„ Die Kurvenschoner im Allgäu „ vom 24.05.2014 bis 31.05.2014

Tourenbericht „ Die Kurvenschoner im Allgäu „
vom 24.05.2014 bis 31.05.2014


1.TAG : ANREISE AM 24.05.2014

Der Tag fing sonnig an. Wir trafen uns um 09.00 h in Lübeck beim Hagebaumarkt. Heinz war mit seinem Wagen mit Rolleranhänger gekommen und wurde dort von seiner Frau verabschiedet, die auch noch ein paar Worte mit Hans-Werner austauschte. Die Tour gen Süden führte uns Richtung Lauenburg, wo wir noch Thomas ( TomTom ) aufsammelten. Weiter auf der Bundesstr. Richtung Braunschweig. Bei einer kurzen Zwischenrast auf einem Parkplatz in der Nähe von Braunschweig, vielen uns einige Wohnmobile auf, die dort in Reih und Glied standen. Bei näherem Hinsehen entpuppten sich diese als Arbeitsplätze des horizontalen Gewerbes. Neugierig wie Jugendliche machten sich Jürgen und Thomas gleich dort hin. Leider waren die Fahrzeuge nicht besetzt, oder die Damen hatten sich schon vorher versteckt. Jürgen ließ es sich jedoch nicht nehmen, sich vor einem der Fahrzeuge zu fotografieren. Dann ging es weiter nach Braunschweig. Wie es auch sein sollte, hatte Michael bei seiner Tourenplanung in das preiswerteste Navi von Pearl ( es sollte später noch schlimmer kommen ) nur die Orte als Wegpunkte eingegeben, was zur Folge hatte, das die Tour immer schön in die Orte führte. In Braunschweig noch akzeptabel, im Harz nicht mehr. Die erste Orientierungslosigkeit bei Michael machte sich breit, wurde jedoch schnell wieder abgelegt, da die Tour dann auf der Autobahn weiterführte. Als wir dann wieder die Bundesstr. in den Harz fuhren, ging es wieder los. Umleitungen im Harz taten ihr Übriges dazu, dass wir  den Harz recht gut kennengelernt haben. Zu allem Übel verfuhr sich Heinz mit seinem Wagen auch noch in einer Baustelle, so dass er von uns getrennt wurde. Da er sowieso bei seinem Bruder in Homberg übernachten wollte, war dies nicht ganz so schlimm.
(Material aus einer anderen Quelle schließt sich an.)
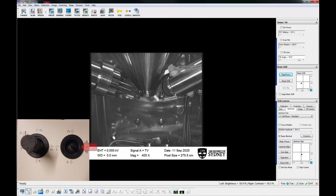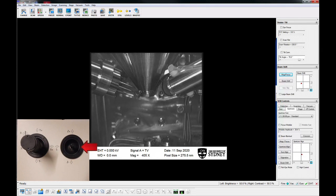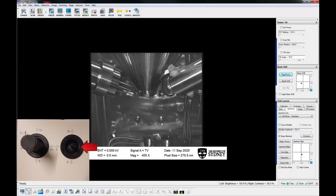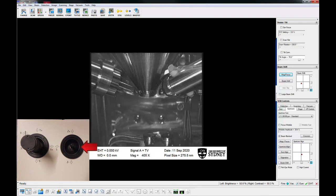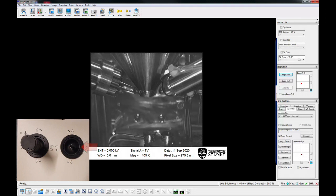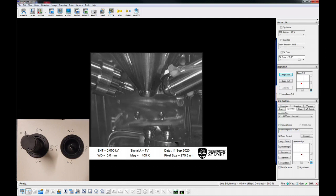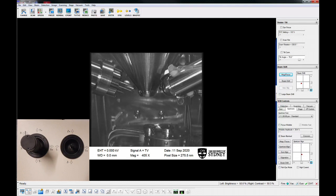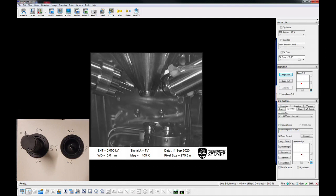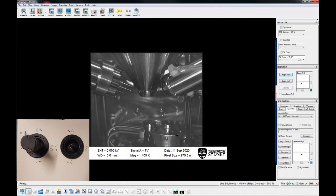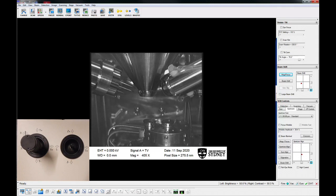Move the stage up using the small joystick so that the specimen is about halfway up the screen. Position the stage so that one of the circumference positions is in the beam path. Always view the chamber scope when moving the sample.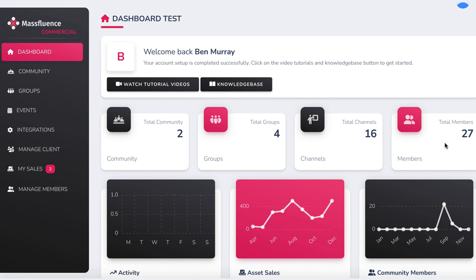In this video, we're going to see how easy it is to use MassFluence, a groundbreaking app that creates next generation sites that do the hard lead generation, product selling and community building for you automatically.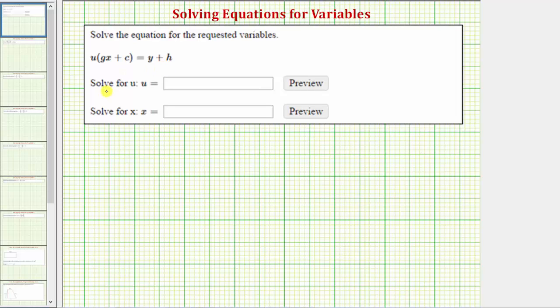We want to solve the given equation for u and then solve the equation for x. In order to solve an equation for a variable, we must isolate that variable on one side of the equation.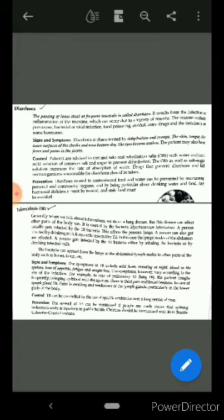TB can be controlled by the use of specific antibiotics over a long period of time. The spread of TB can be minimized if people are made aware that spitting indiscriminately is injurious to public health. Children should be immunized with the BCG vaccine.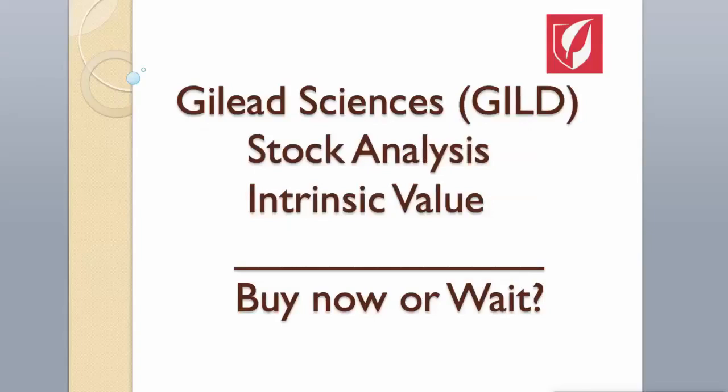Hi guys! Today we will analyze Gilead Sciences stock and calculate its intrinsic value using two different valuation models. Enjoy! Hit the like button and subscribe to my channel if you want to see more videos like this.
Der Rest der Gruppe kam, wie sollte es auch anders sein, in einen mächtigen Regenschauer, der dazu führte das ein Cafe aufgesucht wurde, wo es leckere Windbeutel, in diesem Fall schon fast Orkanbeutel, gab. Nachdem sich das Wetter wieder beruhigt hat, ging die Tour weiter. Leider hat das Navi von Michael weiter gesponnen, so dass er sich entschlossen hatte, nur noch auf der Autobahn zu fahren. Gegen 20.00 h wurde dann das Waldhotel in Oberthulba erreicht, wo wir von der Inhaberin, mit slowenischen Akzent, begrüßt worden sind. Wir haben an diesem Abend noch gegessen, Bierchen getrunken, sehr viel aus Slowenien erfahren und Fußball geschaut. Wir haben noch abgesprochen, das wir gegen 09.00 h am nächsten Tag weiterfahren wollten.

2.TAG : WEITERFAHRT AM 25.05.2014 GEFÜHRT VON HEINZ

An diesem Morgen wurden wir alle von herrlichem Sonnenschein geweckt. Leider hat es die Besitzerin nicht geschafft das Frühstück bis 08.00 h herzurichten. Zu wenig Kaffee, alte Brötchen, wenig Aufschnitt, ein reichhaltiges Frühstückbuffet sieht anders aus. Wir waren uns einig, hier nicht noch mal hin, Schade.
Um 08.30 h stieß Heinz wieder zu uns, und trank noch einen Kaffee mit. Wir beschlossen über die Bundesstr. Nach Rothenburg o. der Tauber zu fahren und uns die Stadt ein wenig anzuschauen. Heinz führte uns über tolle Straßen und Landschaften dort hin. Wir waren von der Stadtmauer beeindruckt, die wir erklommen haben. Hans-Werner und Jürgen hatten keine Lust mehr zum rumwandern in der Stadt und gingen zu den Maschinen zurück. Heinz, Klaus, Thomas und Michael gingen noch zum Marktplatz und haben sich in ein Cafe gesetzt, wo es dann noch lecker Kuchen und Kaffee gab. Nach ca. 1,5 Std. ging es dann weiter Richtung Obergünzburg. Dort sind wir dann um ca. 18.00 h angekommen und uns begrüßten gleich viele Musiker und ein volles Hotel. Es war dort, wie jeden letzten Sonntag im Monat, Musikertreffen. D.h. jeder der ein Instrument spielt kann dort sein Bestes geben. So hörte es sich auch manchmal an. Wir haben dort noch lecker gegessen und ließen den Tag bei ein paar Bier ausklingen.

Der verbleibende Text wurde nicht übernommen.